* WHAT YOU ARE ASKED TO DO *
Apart from the pictures, every line below needs to be reproduced verbatim.

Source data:
* * *
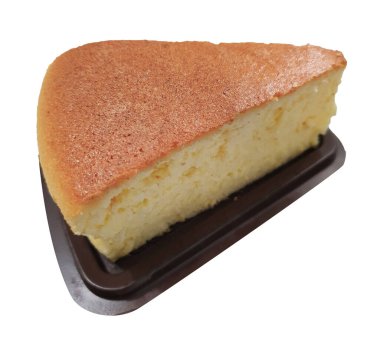 Top view of sliced japanese cheese cake cheesecake isolated cut out on white background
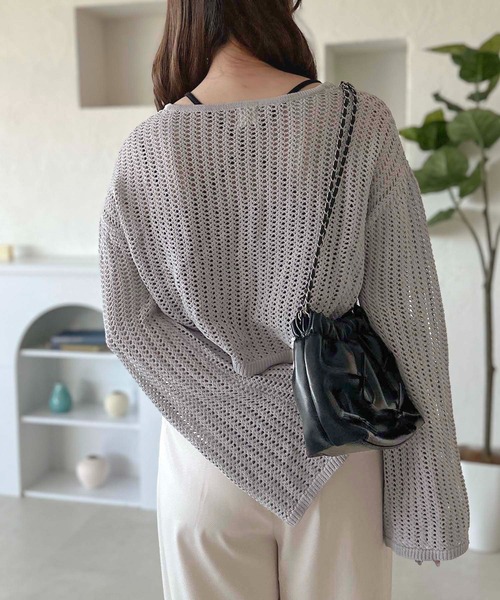 apres jour clair（アプレジュールクレア）の「【apres jour clair】スキッパーメッシュニット【ZOZOTOWN限定アイテム】（ニット/セーター・レディース・アイボリー/ピンクベージュ/サックスブルー・X-LARGE/フリー）」の19枚目の写真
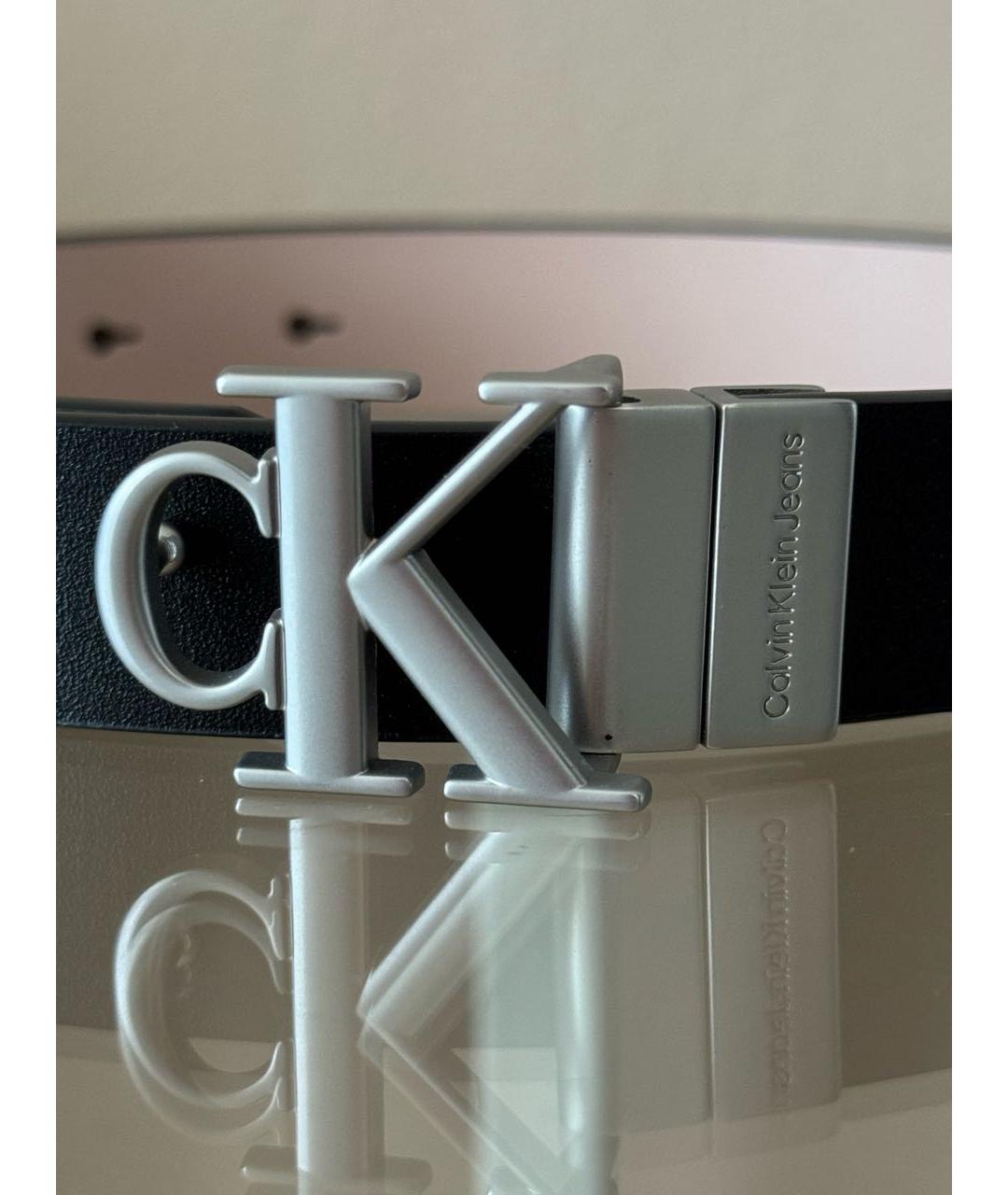 CALVIN KLEIN Черный кожаный ремень, фото 2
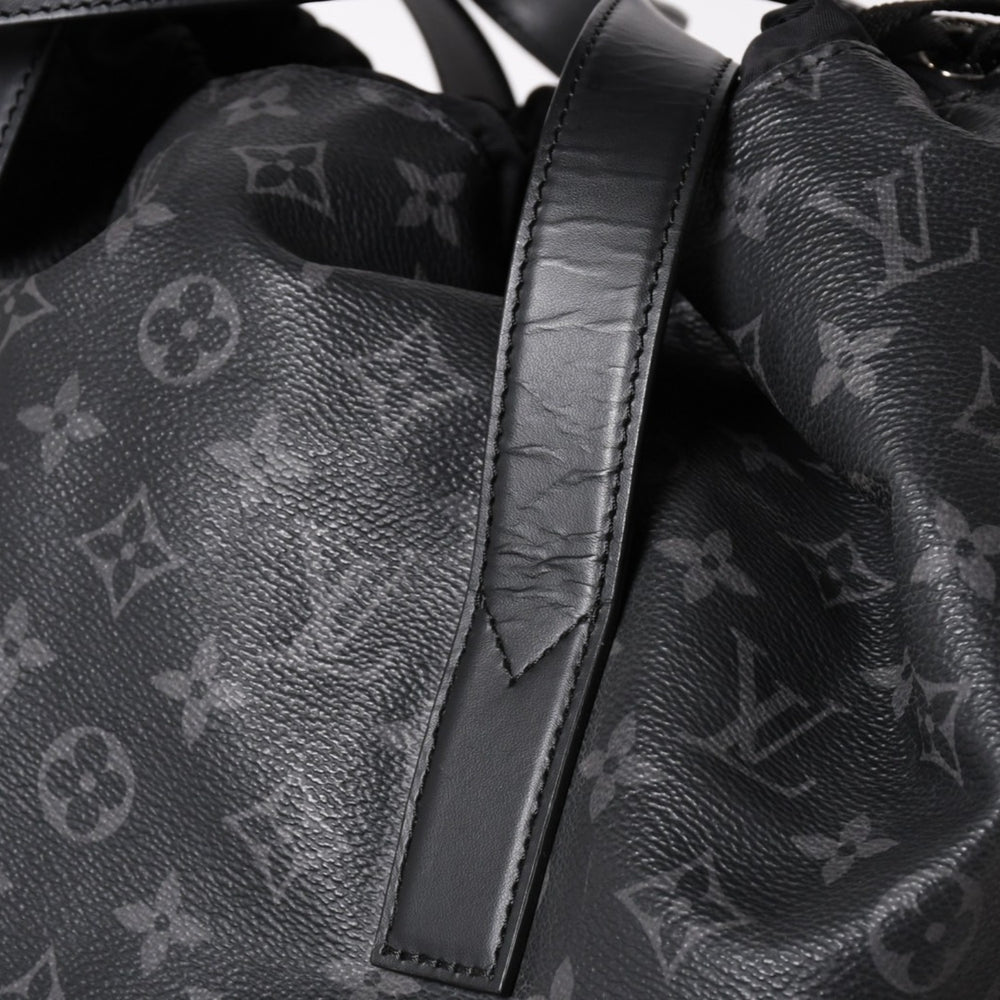 極美品 LOUIS VUITTON ルイヴィトン モノグラム エクリプス カバ ライト トートバッグ ポーチ付き M44228 ブラック 中古 4a003978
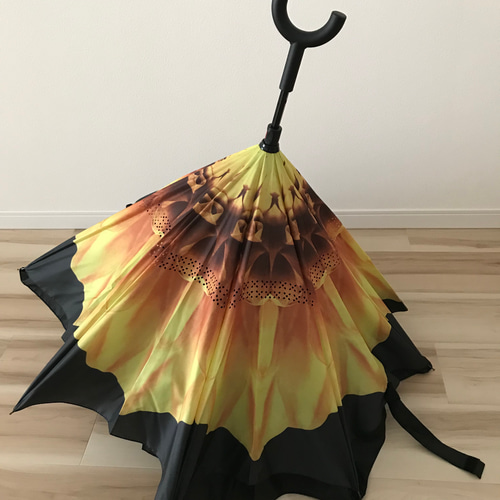SALE】逆さに開く 逆さ傘 花柄 花/黄色 傘 日傘 雨傘 長傘 晴雨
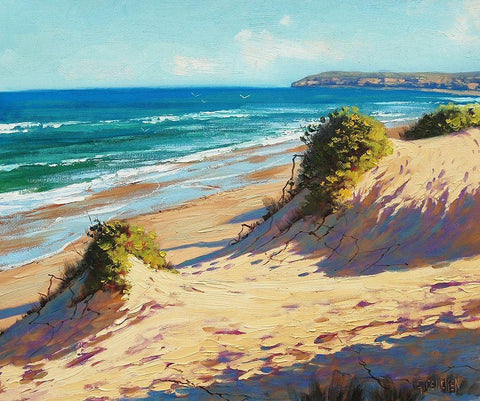 Sand Dunes NSW White Modern Wood Framed Art Print with Double Matting by Gercken, Graham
* * *
* COMPLETED EXERCISE *
 Top view of sliced japanese cheese cake cheesecake isolated cut out on white background
 apres jour clair（アプレジュールクレア）の「【apres jour clair】スキッパーメッシュニット【ZOZOTOWN限定アイテム】（ニット/セーター・レディース・アイボリー/ピンクベージュ/サックスブルー・X-LARGE/フリー）」の19枚目の写真
 CALVIN KLEIN Черный кожаный ремень, фото 2
 極美品 LOUIS VUITTON ルイヴィトン モノグラム エクリプス カバ ライト トートバッグ ポーチ付き M44228 ブラック 中古 4a003978
SALE】逆さに開く 逆さ傘 花柄 花/黄色 傘 日傘 雨傘 長傘 晴雨
 Sand Dunes NSW White Modern Wood Framed Art Print with Double Matting by Gercken, Graham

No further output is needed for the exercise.